Derek, I know that Yo-Yo Ma is more competent in music then you are and most
of us. This what he writes:
"As I work in music today, I try to implement this ideathat the music I play,
like me, doesnt belong to only one culture. In recent years, I have explored
many musical traditions. Along the way, I have met musicians who share a
belief in the creative power that exists at the intersection of cultures.
These musicians have generously become my guides to their traditions. Thanks
to them and their music I have found new meaning in my own music making."
He played pop, jazz, rock, and as all greats including Mozart folk songs.
Boris Shoshensky


-- "[EMAIL PROTECTED]" <[EMAIL PROTECTED]> wrote:
Allan

I don't know the name of the group I was listening to.

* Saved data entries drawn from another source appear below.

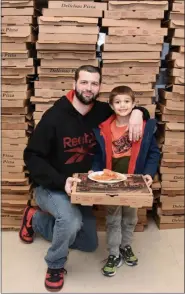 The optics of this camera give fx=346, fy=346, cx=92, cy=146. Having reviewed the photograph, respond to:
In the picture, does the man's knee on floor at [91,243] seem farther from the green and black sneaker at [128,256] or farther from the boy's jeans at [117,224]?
the green and black sneaker at [128,256]

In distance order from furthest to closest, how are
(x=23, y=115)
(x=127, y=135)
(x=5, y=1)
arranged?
(x=23, y=115) → (x=5, y=1) → (x=127, y=135)

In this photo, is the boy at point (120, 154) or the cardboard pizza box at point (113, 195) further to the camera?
the boy at point (120, 154)

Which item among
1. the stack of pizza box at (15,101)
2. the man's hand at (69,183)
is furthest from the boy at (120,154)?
the stack of pizza box at (15,101)

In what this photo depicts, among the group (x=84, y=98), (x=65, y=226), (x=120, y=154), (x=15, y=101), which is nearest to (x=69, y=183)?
(x=65, y=226)

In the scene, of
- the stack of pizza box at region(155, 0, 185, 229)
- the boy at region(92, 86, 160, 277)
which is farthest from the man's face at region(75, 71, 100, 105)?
the stack of pizza box at region(155, 0, 185, 229)

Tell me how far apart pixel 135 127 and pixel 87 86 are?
31 centimetres

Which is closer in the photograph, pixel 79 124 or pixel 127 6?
pixel 79 124

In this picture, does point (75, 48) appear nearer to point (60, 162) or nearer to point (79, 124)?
point (79, 124)

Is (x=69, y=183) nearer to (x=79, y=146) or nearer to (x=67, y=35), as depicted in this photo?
(x=79, y=146)

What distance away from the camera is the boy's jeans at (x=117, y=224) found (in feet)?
5.81

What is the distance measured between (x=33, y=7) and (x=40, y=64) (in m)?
0.31

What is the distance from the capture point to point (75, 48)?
1.94 metres

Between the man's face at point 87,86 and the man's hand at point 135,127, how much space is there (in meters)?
0.23

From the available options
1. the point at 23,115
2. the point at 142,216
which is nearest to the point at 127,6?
the point at 23,115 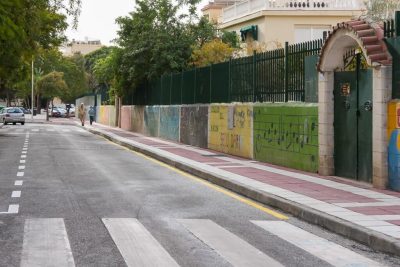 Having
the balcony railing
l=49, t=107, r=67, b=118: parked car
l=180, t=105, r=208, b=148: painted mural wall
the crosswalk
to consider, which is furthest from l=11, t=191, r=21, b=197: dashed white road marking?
l=49, t=107, r=67, b=118: parked car

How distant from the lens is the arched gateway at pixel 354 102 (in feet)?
36.7

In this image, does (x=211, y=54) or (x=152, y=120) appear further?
(x=152, y=120)

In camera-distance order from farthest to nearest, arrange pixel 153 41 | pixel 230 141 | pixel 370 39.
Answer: pixel 153 41 → pixel 230 141 → pixel 370 39

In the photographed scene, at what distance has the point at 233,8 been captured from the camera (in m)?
39.8

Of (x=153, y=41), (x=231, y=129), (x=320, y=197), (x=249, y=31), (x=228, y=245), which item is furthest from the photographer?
(x=249, y=31)

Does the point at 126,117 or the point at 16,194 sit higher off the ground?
the point at 126,117

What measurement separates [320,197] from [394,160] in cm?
175

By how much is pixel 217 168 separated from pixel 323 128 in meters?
2.96

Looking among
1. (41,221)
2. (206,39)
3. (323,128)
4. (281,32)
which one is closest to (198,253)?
(41,221)

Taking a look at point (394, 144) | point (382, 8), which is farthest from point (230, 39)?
point (394, 144)

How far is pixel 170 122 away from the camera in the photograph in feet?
94.1

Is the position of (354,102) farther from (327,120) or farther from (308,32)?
(308,32)

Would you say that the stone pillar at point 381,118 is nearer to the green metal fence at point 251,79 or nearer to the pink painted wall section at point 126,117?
the green metal fence at point 251,79

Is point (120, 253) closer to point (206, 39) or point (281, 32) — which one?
point (206, 39) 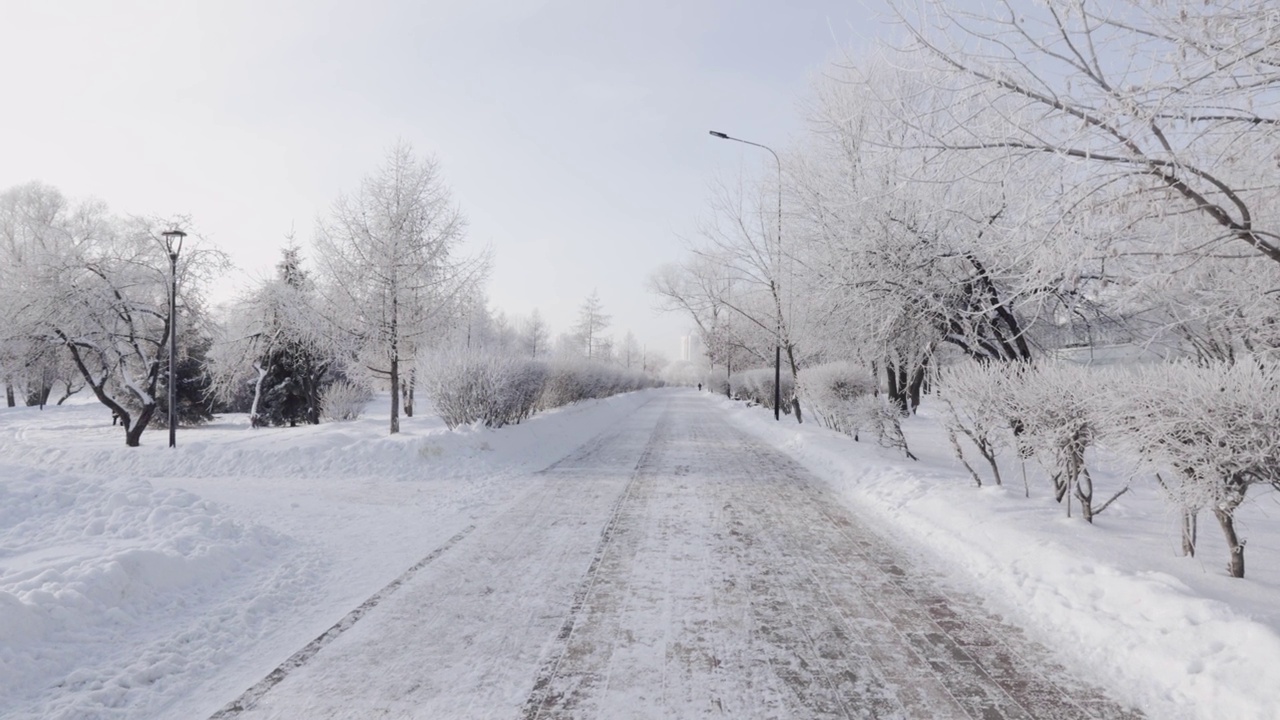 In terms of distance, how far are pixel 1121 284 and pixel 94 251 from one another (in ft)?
92.8

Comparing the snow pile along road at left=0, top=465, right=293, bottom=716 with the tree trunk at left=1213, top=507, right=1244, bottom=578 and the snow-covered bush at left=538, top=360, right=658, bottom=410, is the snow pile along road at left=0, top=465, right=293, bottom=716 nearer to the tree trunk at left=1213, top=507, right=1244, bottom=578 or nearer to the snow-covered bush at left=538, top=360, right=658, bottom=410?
the tree trunk at left=1213, top=507, right=1244, bottom=578

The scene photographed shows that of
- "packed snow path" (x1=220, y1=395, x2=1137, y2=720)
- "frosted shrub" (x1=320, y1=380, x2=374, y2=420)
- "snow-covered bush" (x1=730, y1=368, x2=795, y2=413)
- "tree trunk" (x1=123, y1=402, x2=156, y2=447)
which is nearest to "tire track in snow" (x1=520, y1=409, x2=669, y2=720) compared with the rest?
"packed snow path" (x1=220, y1=395, x2=1137, y2=720)

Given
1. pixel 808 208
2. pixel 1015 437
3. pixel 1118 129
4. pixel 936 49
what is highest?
pixel 808 208

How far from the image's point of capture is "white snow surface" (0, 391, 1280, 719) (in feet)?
11.5

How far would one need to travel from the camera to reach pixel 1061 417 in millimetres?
6484

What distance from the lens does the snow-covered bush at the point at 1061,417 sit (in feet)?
20.1

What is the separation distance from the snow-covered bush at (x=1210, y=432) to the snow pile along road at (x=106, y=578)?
666 centimetres

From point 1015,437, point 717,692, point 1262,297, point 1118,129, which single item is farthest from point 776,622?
point 1262,297

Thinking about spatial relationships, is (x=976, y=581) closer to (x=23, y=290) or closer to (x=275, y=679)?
(x=275, y=679)

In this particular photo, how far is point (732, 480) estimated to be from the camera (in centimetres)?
1102

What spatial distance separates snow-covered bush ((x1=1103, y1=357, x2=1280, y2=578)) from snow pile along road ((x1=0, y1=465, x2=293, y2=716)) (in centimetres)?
666

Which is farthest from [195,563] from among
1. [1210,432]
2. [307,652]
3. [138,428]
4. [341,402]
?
[341,402]

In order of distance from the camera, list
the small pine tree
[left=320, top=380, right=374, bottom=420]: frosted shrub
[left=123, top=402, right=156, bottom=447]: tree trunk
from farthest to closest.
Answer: the small pine tree → [left=320, top=380, right=374, bottom=420]: frosted shrub → [left=123, top=402, right=156, bottom=447]: tree trunk

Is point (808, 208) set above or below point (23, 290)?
above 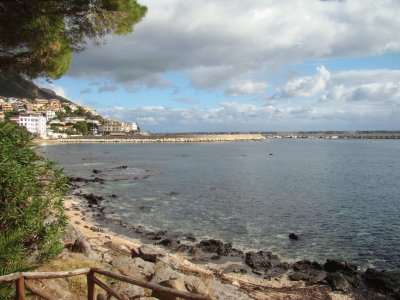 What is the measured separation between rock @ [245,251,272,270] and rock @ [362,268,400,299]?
3.91 m

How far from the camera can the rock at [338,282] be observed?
1426 cm

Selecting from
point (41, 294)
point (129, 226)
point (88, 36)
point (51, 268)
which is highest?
point (88, 36)

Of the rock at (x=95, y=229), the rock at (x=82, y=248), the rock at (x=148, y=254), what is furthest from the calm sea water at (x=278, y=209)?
the rock at (x=82, y=248)

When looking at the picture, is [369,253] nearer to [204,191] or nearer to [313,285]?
[313,285]

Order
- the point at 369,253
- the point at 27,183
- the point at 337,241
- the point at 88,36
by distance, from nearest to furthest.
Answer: the point at 27,183
the point at 88,36
the point at 369,253
the point at 337,241

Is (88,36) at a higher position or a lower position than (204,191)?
higher

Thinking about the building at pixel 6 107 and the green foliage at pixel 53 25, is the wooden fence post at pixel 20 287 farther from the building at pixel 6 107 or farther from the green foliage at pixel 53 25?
the building at pixel 6 107

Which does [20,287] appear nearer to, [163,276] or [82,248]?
[163,276]

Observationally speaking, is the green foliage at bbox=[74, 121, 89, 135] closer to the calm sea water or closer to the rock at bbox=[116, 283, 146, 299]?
the calm sea water

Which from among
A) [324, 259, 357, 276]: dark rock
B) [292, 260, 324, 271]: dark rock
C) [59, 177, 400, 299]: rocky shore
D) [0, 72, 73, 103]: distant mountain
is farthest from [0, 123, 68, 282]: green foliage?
[324, 259, 357, 276]: dark rock

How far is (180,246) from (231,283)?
5.67 m

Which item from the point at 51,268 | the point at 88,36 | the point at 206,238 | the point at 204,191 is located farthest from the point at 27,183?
the point at 204,191

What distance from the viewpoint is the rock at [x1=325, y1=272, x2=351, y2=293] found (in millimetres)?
14262

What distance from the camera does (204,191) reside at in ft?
125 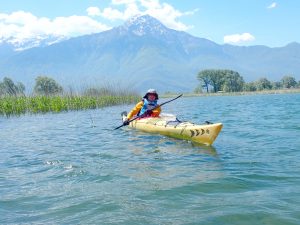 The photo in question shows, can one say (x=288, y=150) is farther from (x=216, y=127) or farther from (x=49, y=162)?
(x=49, y=162)

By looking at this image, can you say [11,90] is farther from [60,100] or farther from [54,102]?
[60,100]

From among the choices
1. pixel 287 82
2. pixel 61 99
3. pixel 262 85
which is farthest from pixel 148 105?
pixel 287 82

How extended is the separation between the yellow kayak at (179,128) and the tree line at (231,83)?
77.0m

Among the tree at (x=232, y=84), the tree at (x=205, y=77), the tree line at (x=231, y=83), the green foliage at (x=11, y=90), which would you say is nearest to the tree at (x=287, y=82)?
the tree line at (x=231, y=83)

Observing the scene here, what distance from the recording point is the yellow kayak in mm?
9266

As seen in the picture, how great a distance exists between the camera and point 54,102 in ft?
79.0

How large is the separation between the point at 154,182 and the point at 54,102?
18882mm

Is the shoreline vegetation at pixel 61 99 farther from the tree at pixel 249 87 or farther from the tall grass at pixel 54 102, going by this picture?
the tree at pixel 249 87

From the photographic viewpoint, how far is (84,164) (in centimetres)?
794

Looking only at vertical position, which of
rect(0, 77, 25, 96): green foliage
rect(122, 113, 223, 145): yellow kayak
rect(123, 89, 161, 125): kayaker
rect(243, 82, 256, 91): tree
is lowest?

But
it was in a fairly up-market Parisian restaurant and I was
assured by aficionados of the form that I was listening to
very good jazz. (I should add that I have not exactly lived
my life in a cupboard and I have heard various 'famous' jazz
groups many times, like everyone else. It's not all that
easy to avoid them in this world - regrettably.  Don't ask
me their names though. I do my best to forget everything
anyone tells me about jazz.)

No I don't think these musicians 'were capable of typifying
in a single instance all the possible instances of jazz
performance' (btw you're not an analytical philosopher by
any chance? I seem to recognise the idiom). But they were
reasonably representative of what jazz is as a musical form.
 Do I need to spend interminable evenings listening to every
jazz band in creation before I can comment on jazz? (God, I
hope not!!)

As for 'criteria', that gets us into very deep waters
philosophically speaking. Do you have clear criteria to
distinguish art from mediocre music (or mediocre visual art
or literature.) I don't, and have never encountered any that
I found convincing. (And not knowing where Frances' learned
experts' live, I can't ask them.) As I said, I was simply
giving you my opinion and you are quite welcome to disagree.
(You obviously do anyway).  For me, as I say, jazz is an
impoverished musical form. It is to real music as thin gruel
is to a wonderful tasty meal. It is empty, meretricious,
even cynical, music (cynical because it poses as something
complex but appeals to quite simple, basic instincts). It is
the reverse of what music should be. It is tedious,
unexpressive, flat, and wearisome. For me an evening of jazz
is sheer musical torment. It is a slight step above pop or
rock but that, in my book, scarcely rates as much of a
compliment.

Glad to have had the opportunity to say a little more on the
topic.

DA

----- Original Message -----
From: Allan Sutherland <[EMAIL PROTECTED]>
To: "[email protected]"
<[email protected]>
Subject: Re: Music and all that jazz
Date: Mon, 14 Apr 2008 11:58:35 +0900

> Curiously you did not mention who the musicians were who
> you listened too? Curiously too you did not say why you
> thought these musicians, on the performance occasion, were
> capable of typifying in a single instance all the possible
> instances of jazz performance.  Nor did you provide the
> criteris by which you consider all jazz music inferior.
> Surely, it is essential that these musicians must do so
> represent all jazz and lack aesthetic adequacy to conclude
> that all jazz is aesthetically worthless.  To put the
> point with equal brevity.
>
> Toodle-pip,
>
> Allan.
>
> On 12/4/08 16:02, "[EMAIL PROTECTED]"
> <[EMAIL PROTECTED]> wrote:
>
> > I sat through an evening of jazz last night.  Very good
> > jazz , I was told.
> >
> > Usually, when I hear jazz I simply flee, but since that
> > was not an option this time I decided to listen as
> > attentively as possible and try to work out if there
> > seemed any basis at all for the now widespread view
> > among aestheticians that jazz is good music.
> >
> > The experience only reinforced the view I already held.
> > Jazz is a desperately impoverished musical form.  In
> > essence it is just musicalised beat.  Insistent,
> > monotonous beat, dressed up with shreds and patches of
> > melody and various repetitive rills and frills.
> >
> > I sat there pining for Mozart.  For real music.